Although pain interference decreased among individuals in the 3RP-NF group, pain intensity remained unchanged from baseline through follow-up. Mind–body interventions tend to focus on improving coping, promoting self-efficacy, and engaging in valued activities alongside pain, thereby reducing the extent to which pain interferes with daily functioning (rather than reducing pain itself). Indeed, positive psychological components (eg, guided imagery, positive storytelling, humor as a coping skill) and cognitive–behavioral concepts (eg, appraisal of stress and medical symptoms) may have been more effective in changing the way participants perceived the impact of their pain and how they responded to it, while the pain itself (ie, pain intensity) remained stable. In chronic illnesses like NF, pain may be unavoidable, but mind–body interventions may modulate patients’ emotional experience of pain, which can make it less disruptive. Still, the 3RP-NF program could potentially be enhanced by including mind–body skills that more directly address pain intensity, such as pain-specific relaxation techniques.40
Change in coping was the only factor that fully mediated the reduction in pain interference observed for the 3RP-NF group. This aligns with research emphasizing the importance of coping-focused treatments in managing chronic pain.41 Notably, the coping skills taught in 3RP-NF were not pain-specific, but they still facilitated change in pain interference. To boost effectiveness, clinicians should adopt pain-focused coping skills to help reduce the negative emotional components of pain, enhance pain self-efficacy, and painless disruptive to daily life. Future iterations of 3RP-NF could benefit from including pain-specific coping skills to bolster pain-related coping and decrease pain interference, perhaps targeted at coping with types of pain experienced most frequently by individuals with NF (eg, headaches, gastrointestinal pain).4 Understanding whether coping skills are more impactful for patients with greater intensity may also be valuable. The present study was not powered for such an analysis, and baseline pain intensity (low vs. medium vs. high) was evenly distributed between intervention and control groups, though this remains an important area for future inquiry. Interestingly, social support did not mediate change in pain interference for the 3RP-NF group. Prior work has highlighted social support as a resiliency factor associated with better adjustment to chronic pain by promoting adaptive coping skills.41,42 One possible explanation for this is that the measure used to assess social support in the present study does not assess social support skills use, but rather focuses on the presence of a social support network influenced by factors outside of skills use.
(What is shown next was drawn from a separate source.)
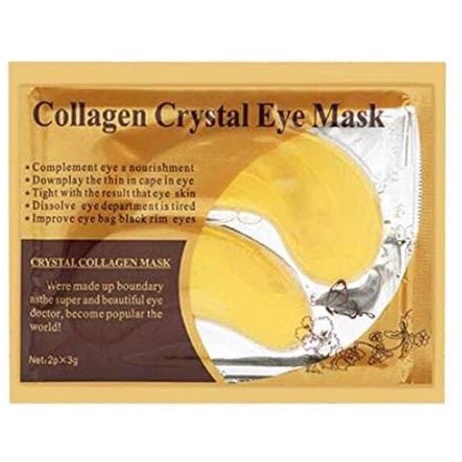 Masker Mata Crystal Collagen Eye Mask/ Masker Kantong Mata/ Eyebag Mask Collagen Mask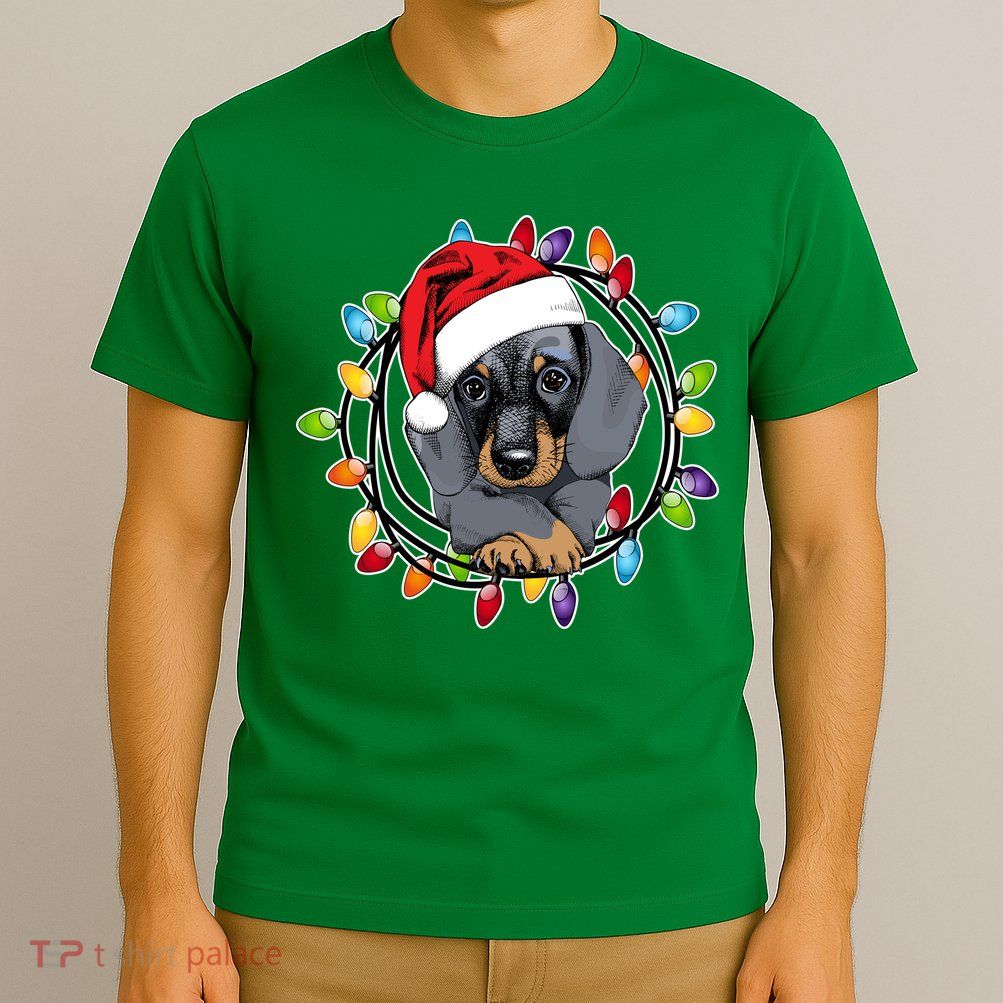 Christmas Dachshund Lights T-Shirt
Although receiving the 3RP-NF intervention was not associated with change in mindfulness compared to the control condition, increased mindfulness was associated with decreased pain interference from baseline to post-intervention. Our findings related to mindfulness are generally consistent with prior work in chronic pain.41,43,44 Previous work comparing the performance of mindfulness-based stress reduction and a pain education control for chronic pain similarly found that mindfulness changed equivalently across both conditions and was equally associated with functional outcomes across the 2 groups.43 It has been suggested that mindfulness may have a greater effect on pain-related psychosocial factors, such as pain catastrophizing (eg, a negative cognitive and emotional response to pain that involves a tendency to ruminate about pain, a propensity to magnify the threat value of pain, and feelings of helplessness), than pain interference or pain intensity.41 Indeed, prior work indicates that mindfulness-based interventions may exert a larger effect on pain catastrophizing in the context of high pain intensity.41,44,45 Although participants in the present sample reported experiencing moderate levels of pain intensity, the intervention may exert a stronger influence on mindfulness outcomes among patient populations with consistently higher levels of pain intensity. The impact of 3RP-NF on factors such as pain catastrophizing or pain-related anxiety should be explored in future work. Lastly, given the inclusion of individuals across the NF diagnostic spectrum within the present study, future work may benefit from exploring more granular pain-related outcomes that may reveal differences resulting from the potential heterogeneity of the sample.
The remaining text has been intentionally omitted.